Flight control continuity to the controls was confirmed and no anomalies were noted with the engine.

The throttle and mixture controls were in the forward position, the fuel selector was in the both position, and the ignition/starter switch was in the both position. The tachometer indicated 5,403.36 hours.


An autopsy of the pilot was conducted by the Hennepin County Medical Examiner's Office on July 21, 2003.

The FAA Final Forensic Toxicology Fatal Accident Report of the pilot reported the following: no carbon monoxide detected in blood, no cyanide detected in blood, no ethanol detected in blood, ephedrine detected in blood, ephedrine detected in liver, pseudoephedrine detected in blood, pseudoephedrine detected in liver, 0.031 (ug/ml, ug/g) morphine detected in urine, opiates not detected in blood.

Ephedrine is sold (as a component of "ephedra" or "Ma-Huang") as a stimulant, weight loss product, or decongestant in many nutritional supplements and as an asthma medication (trade name Primatene) available over the counter in tablet form.
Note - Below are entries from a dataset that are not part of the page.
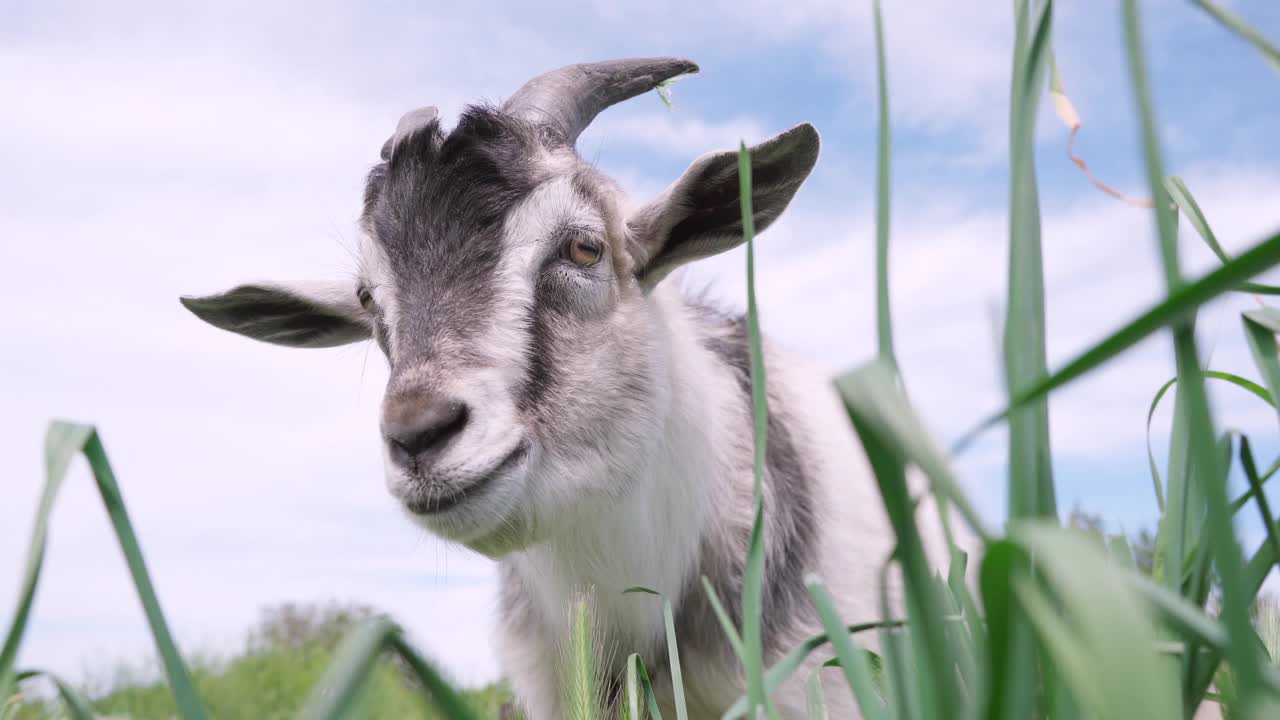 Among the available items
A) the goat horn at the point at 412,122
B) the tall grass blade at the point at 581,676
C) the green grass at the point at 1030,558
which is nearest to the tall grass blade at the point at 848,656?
the green grass at the point at 1030,558

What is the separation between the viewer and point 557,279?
359cm

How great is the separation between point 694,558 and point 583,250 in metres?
1.22

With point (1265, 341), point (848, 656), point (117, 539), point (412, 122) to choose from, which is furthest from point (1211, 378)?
point (412, 122)

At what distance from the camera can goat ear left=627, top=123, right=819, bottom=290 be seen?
3.78 m

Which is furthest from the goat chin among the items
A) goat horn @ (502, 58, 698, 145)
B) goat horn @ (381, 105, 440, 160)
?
goat horn @ (381, 105, 440, 160)

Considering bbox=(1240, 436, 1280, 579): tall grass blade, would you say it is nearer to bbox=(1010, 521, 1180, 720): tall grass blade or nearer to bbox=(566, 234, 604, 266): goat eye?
bbox=(1010, 521, 1180, 720): tall grass blade

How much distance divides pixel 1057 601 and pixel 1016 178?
20.2 inches

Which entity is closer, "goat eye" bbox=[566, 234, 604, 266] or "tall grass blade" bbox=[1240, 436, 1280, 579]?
"tall grass blade" bbox=[1240, 436, 1280, 579]

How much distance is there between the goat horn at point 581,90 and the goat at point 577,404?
18 mm

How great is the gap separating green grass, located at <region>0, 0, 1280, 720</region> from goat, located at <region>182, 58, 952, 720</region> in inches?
61.2

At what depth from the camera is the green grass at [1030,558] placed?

It does not usually result in impairment and has stimulant effects. Pseudoephedrine is a common decongestant with a trade name Sudafed. It is also a component of "ephedra" and "Ma-Huang." Pseudoephedrine does not usually result in impairment, and has been shown to have stimulant effects.

Morphine is a prescription narcotic pain killer. Morphine may be produced by the metabolism of other narcotic pain relievers, including codeine (an ingredient in Tylenol-3, other painkillers, and certain cough suppressants available over-the-counter).


FAA Advisory Circular 91-65, Use of Shoulder Harness in Passenger Seats, states: " ...the safety board found that 20 percent of the fatally injured occupants in these accidents could have survived with shoulder harnesses (assuming the seat belt was fastened) and 88 percent of the seriously injured could have had significantly less severe injuries with the use of shoulder harnesses..."

The airplane restraint system consisted of seat belts at each seat and was not equipped with shoulder harnesses.

A 100-hour/annual inspection checklist dated June 17, 2003, had the following cabin item checked: "14. Seats, seat rails, & safety restraint belts."

Inspection of the right rear passenger seat belt revealed it to be separated at the belt's lower attach point. The stitching in this area was separated and was not of a x-shape and box pattern. The stitch thread was not consistent with the remaining restraint system. There was also no manufacturer's data tag attached to the seat belt.

NTSB Probable Cause

The pilot's failure to maintain adequate airspeed which resulted in a stall. The trees, high density altitude, and the soft field were additional factors.